Visant la première place mondiale des constructeurs, à moins que ce ne soit la plus forte rentabilité ou la plus rapide évolution vers les véhicules électriques, Ghosn s’attache sans relâche à faire progresser l’alliance Renault Nissan. Mais s’il pousse en avant Dacia, s’il s’allie en 2010 avec Daimler par une participation croisée et des projets communs, s’il s’adjoint le groupe russe AvtoVaz, constructeur de la Lada dont il devient président du Conseil d’Administration en 2013, s’il prend par l’intermédiaire de Nissan le contrôle du groupe Mitsubishi Motors dont il devient président de son conseil d’administration en octobre 2016, il avance à marches forcées sur un terrain de plus en plus miné par ses opposants.
À l’origine de ses ennuis, on trouve la bizarre affaire d’espionnage chinois sur le projet de voiture électrique de Renault. En janvier 2011, Ghosn affirme en direct sur TF1 que « si on n'avait pas de certitudes, nous n'en serions pas là » et que les preuves sont «multiples », avant de se rétracter et de présenter ses excuses deux mois plus tard aux trois employés injustement soupçonnés. À la suite de cette affaire, il lui faut sacrifier son bras droit, Patrice Pelata, fortement impliqué dans ces fausses accusations, pour se protéger et pour protéger Renault.

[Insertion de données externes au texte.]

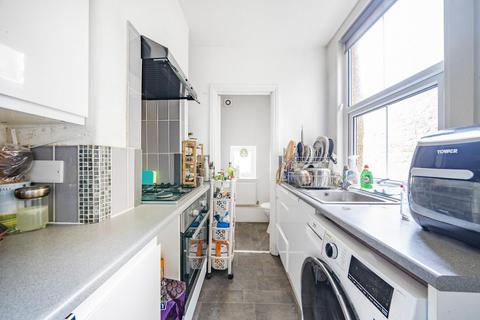 5 Glenthorne Road, Kingston Upon Thames, KT1 2UB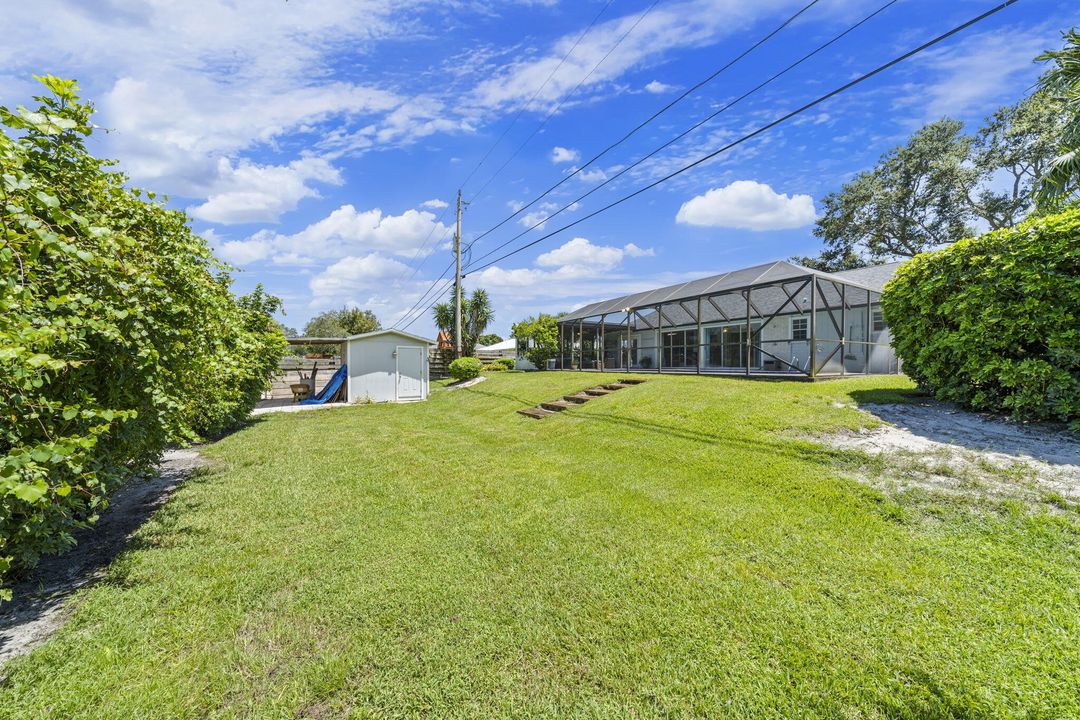 For Sale: $410,000 (3 beds, 3 baths, 1850 Square Feet)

Or, si Patrice Pelata est un de ses camarades de promotion de Polytechnique, il est aussi un proche d’Alexis Kohler, l’actuel Secrétaire Général de l’Elysée et à l’époque administrateur de Renault au titre de l’Agence des participations de l’Etat. On les verra tous deux s’opposer à Ghosn en 2018.
Ensuite, une crise majeure survient en 2015, alors qu’Emmanuel Macron est ministre de l’Économie de François Hollande, avec Alexis Kohler comme chef de cabinet. Par surprise, sans en avoir averti ni Ghosn, ni Nissan, ni les autres actionnaires, Macron fait racheter par l’État 14 millions d’actions de Renault pour plus d’un milliard d’Euros, faisant passer sa participation de 15,01% à 19,74% et, en même temps (sic), afin de pouvoir imposer des droits de vote doubles pour les actions détenues par l’État. Sans doute Macron visait-il à contrôler ou même à écarter Ghosn.
Mais l’initiative du Ministre provoque une levée de boucliers, non seulement de Ghosn, mais aussi de l’ensemble des partenaires de Renault, à commencer par Nissan. Il fait alors machine arrière, par le biais de négociations directes avec Nissan, négociations dont il écarte Ghosn.
Il faut le souligner, c’est un fait extraordinaire et un remarquable acte de défiance envers son patron, que l’État et Nissan, les deux principaux actionnaires de Renault négocient par-dessus la tête du double PDG de Nissan et de Renault ! Sans doute dès ce moment, Carlos Ghosn a dû regretter d’avoir refusé le poste de PDG de General Motors offert par Obama en 2009…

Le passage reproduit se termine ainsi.